No ano seguinte à publicação da obra basilar do Espiritismo, Kardec fundou, em 01 de janeiro de 1858, a Sociedade Parisiense de Estudos Espíritas, que se tratava de uma associação civil dedicada ao estudo dos fenômenos espíritas, o que aponta para um movimento de desvinculação com as instituições tradicionais, já que não tinha nenhum vínculo nem com Estado, nem com a Igreja. A sociedade fundada por Kardec podia figurar-se como um dos exemplos do fenômeno da secularização, um dos diversos embriões da sociedade pós-cristã, que era novidade àquele tempo, mas que é comum na sociedade secular Europeia nos dias de hoje, possuindo as mesmas características que nos relata Jean Paul Willaime:
A passagem da religião por herança à religião por escolha significa, para o cristianismo na Europa, o fim da “cristianitude”, ou seja, o fim do cristianismo como cultura englobante da sociedade, mesmo sob forma secularizada, e a evolução na direção de um cristianismo como subcultura particular numa sociedade global. Não é, pois, apenas a separação do político e do religioso [...], é também a separação da cultura global e da religião. É neste sentido forte que se pode falar de sociedades pós-cristãs. Individualização, abandono institucional e atomização, de uma parte; buscas identitárias e afirmações comunitárias, de outra. A mundialização e a desterritorialização do religioso acarretam sua reconfiguração como subculturas e como comunidades-redes nas sociedades secularizadas e pluralistas. Doravante, as religiões constituem subculturas que oferecem um sentido a seus membros, permitindo a eles se orientarem numa sociedade pluralista, em grupos de referência, em recintos de convicção que os indivíduos escolhem individualmente. O religioso não é mais o dossel sagrado das sociedades, os guarda-chuvas sagrados de que Christian Smith fala ou, antes, o que poderíamos qualificar de “capiteis sagrados” ou “tendas sagradas”, para melhor assinalar a um só tempo o caráter comunitário e individual dessas subculturas religiosas nas sociedades pluralistas. (WILLAIME, 2007, p. 04).

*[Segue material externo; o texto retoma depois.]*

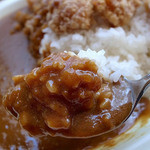 カレーの王様 - チキンタツタカレー・大盛（週替りサービス）670円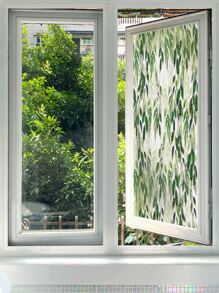 1入組葉子圖案隱私貼 - 彩色 - 查看 2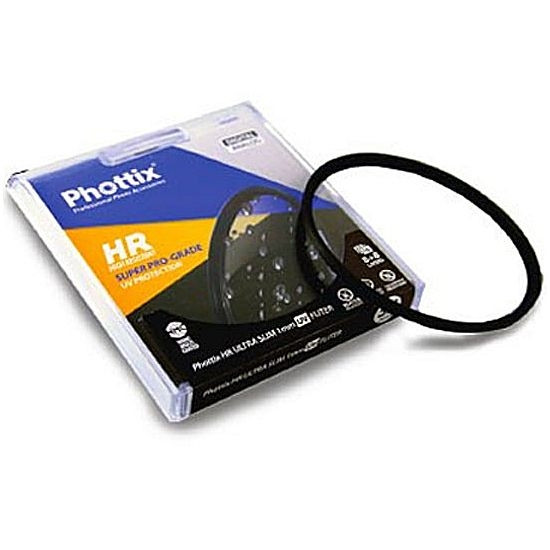 Phottix Super Pro-Grade HR Ultra Slim 1 мм UV УФ-фильтр с нанопокрытием 55мм - фото 1 - id-p104043717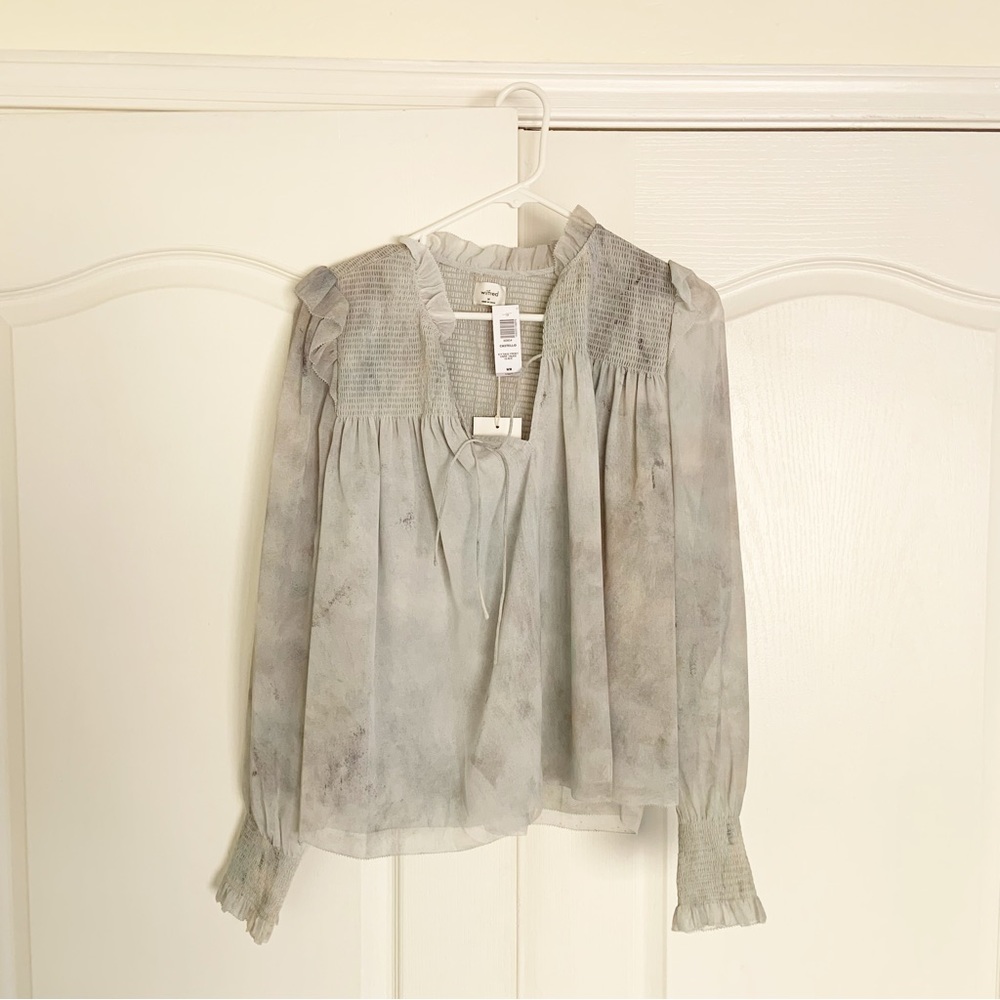 Wilfred Top Size Medium, Icy Sage Frost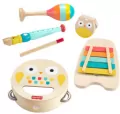 Fisher Price Drewniane instrumenty 6el - tantis.pl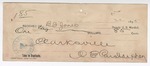 1895 May 22: Receipt, of B.F. Jones, deputy marshal; to E. Carsharphen for railroad fare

Como diz Willaime, não há mais “uma cultura englobante” que determina a forma de pensar Deus; não havia uma forma única de pensar, e não existia para Kardec e seus adeptos uma atitude de radicalização de pensamento, como a ideia de Deus estar morto ou o pensamento de o indivíduo estar submetido à Igreja. Allan Kardec e seus colegas da Sociedade Parisiense de Estudos Espíritas pensavam livremente e não se intitulavam ateus; ao contrário, entendiam que os estudos do Espiritismo fortaleceriam suas crenças individuais, pois não acreditavam, pelo menos naquele momento, que seu pensamento se caracterizava como religioso. O pensamento secularizado de Kardec fica mais fortemente estabelecido em suas palavras, quando diz que:
Visando a desacreditar o Espiritismo, pretendem alguns que ele vai destruir a religião. Sabeis que é exatamente o contrário, pois a maioria de vós, que mal acreditáveis em Deus e na alma, agora creem; quem não sabia o que era orar, ora com fervor; quem não mais punha os pés nas igrejas, a elas vão com recolhimento. Aliás, se a religião devesse ser destruída pelo Espiritismo, é que ela seria destrutível e o Espiritismo mais poderoso. Afirmá-lo seria falta de habilidade, porquanto seria confessar a fraqueza de uma e a força do outro. O Espiritismo é uma doutrina moral que fortalece os sentimentos religiosos em geral e se aplica a todas as religiões; é de todas, e não pertence a nenhuma em particular. Por isso não aconselha a ninguém que mude de religião. Deixa a cada um a liberdade de adorar Deus à sua maneira e de observar as práticas ditadas pela sua consciência [...] (KARDEC, [1862]/(2007b), p. 62-63, grifo nosso).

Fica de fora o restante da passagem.